Hi all - first time poster.

Backstory: I have built five or six amps, enjoy it a lot, and don't entirely (or vaguely sometimes) know what I'm doing when it comes to 'why'... but I've had good luck building a few things that I use a lot (my last build, a single channel, no reverb Super is what I use on this recording: https://www.youtube.com/watch?v=oX20cNO-uG4). I like blackface sort of tones and tweed aesthetics, so that's what my last few builds have been - the Super and then a PR in a Blues Jr I gutted, and then one I just finished which is a 6G3.

Long story short, I just very much don't like the circuit - that whole disconnect between hearing something and thinking it is cool and then playing it and realizing it ain't for you. So I've been looking at something I could adapt to what I've already built and get into some sounds I'd find more useful - I have a Benson Preamp pedal that I run always on, and it sounds great, so... that lead me here with hopes maybe I can salvage the spendy bits of this project.

What I'd like to do is yank the board I've got in there and replace it with this Monarch circuit. To that end, I've drawn up a layout using Aaron's schematic and dorrisant's layout as references, and I was hoping that I could get some feedback on what I've done and where the inevitable issues are. I've tried to keep things aligned with the sockets/front panel holes already in this chassis.

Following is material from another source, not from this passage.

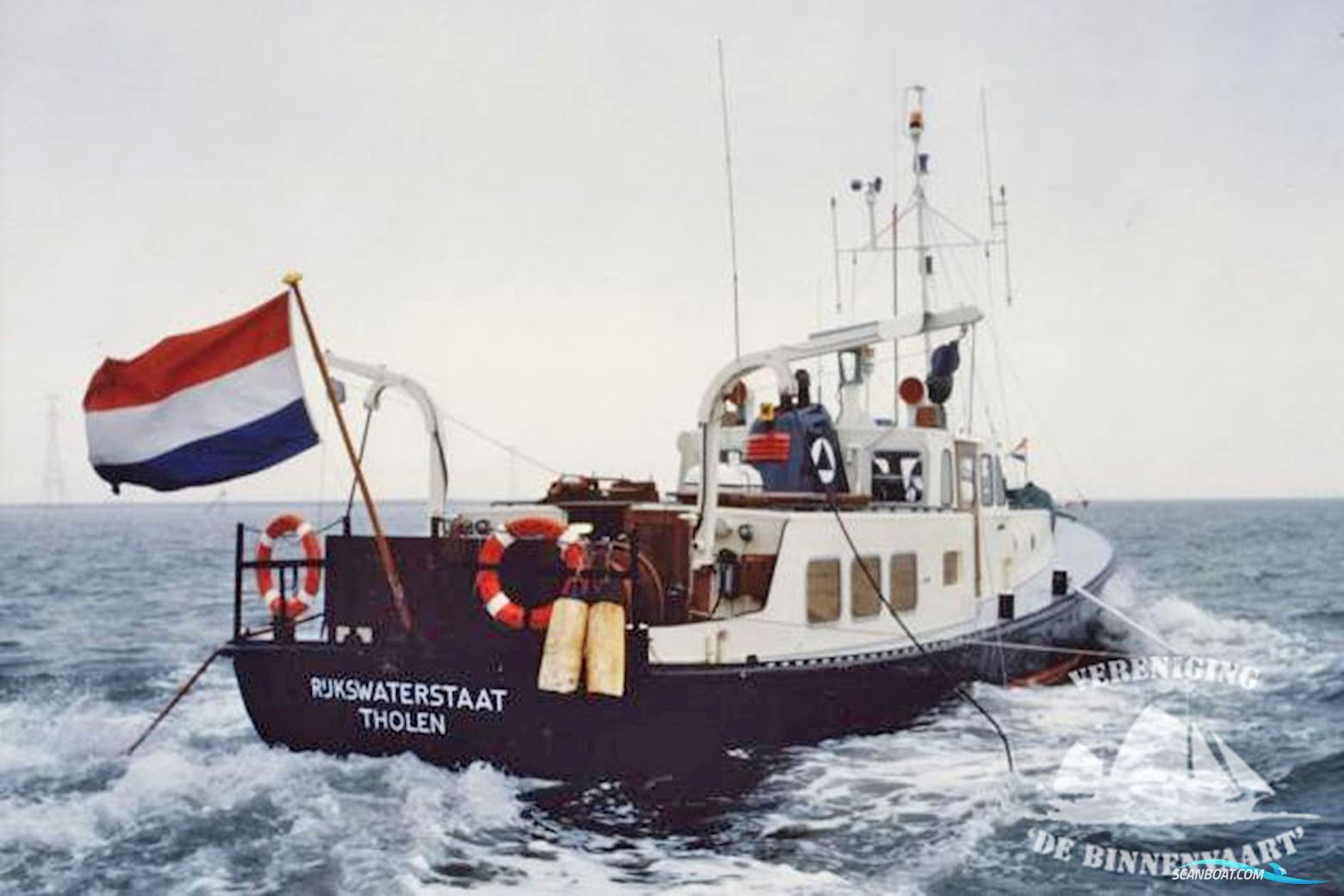 Varend Woonschip ex Rws Vlet 14.78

I have some more specific questions regarding the transformers I have, but thought I'd start by seeing if folks think this layout checks out?

I have a couple specific questions:
1. Is grounding the PI Balance pot on the same ground as the filter caps a bad idea in terms of noise? I had also thought about using the same ground as the preamp, but I thought that also was maybe asking for trouble.
2. I'm unclear why dorrisant's layout shows the 250 ohm resistor on the cathode bypass cap as being so large? Voltage there would be very low, right?
3. I show a 470K resistor in series with the .022uf coming off of the plate on V1 in the schematic, but didn't see this in dorrisant's layout - was this a purposeful omission?
4. I do want to ground the right lugs on the reverb and volume pots to the pots themselves, correct? I guess it might be better to do the same w/ the middle lug on the tone pot? I'm never entirely sure what I can/can't do in terms of sharing/not sharing ground lugs.
5. I have a tube rectifier in this chassis, and so the setup looks much like dorrisant's layout, but I'm wondering about the notation on the schematic, which appears to have a bridge rectifier and... I'm just not familiar with what this would be - solid state rectification of some sort, yeah? I guess you don't need the 4700uF cap if you aren't using the bridge rectifier (I only know what that is from looking it up). Regardless of tube or solid state rectification, it would seem the the PI balance pot is used to adjust bias, is that right? If not... I'm unclear on how I would adjust the bias (and then would that just be adjusting tone?).

I guess I'll see if folks think what I have here is worth pursuing before I get into it any further...

Thanks a bunch in advance! The thread has already been super interesting and informative!

EDIT 4/16/2021 - Incorporated changes from discussion into layout.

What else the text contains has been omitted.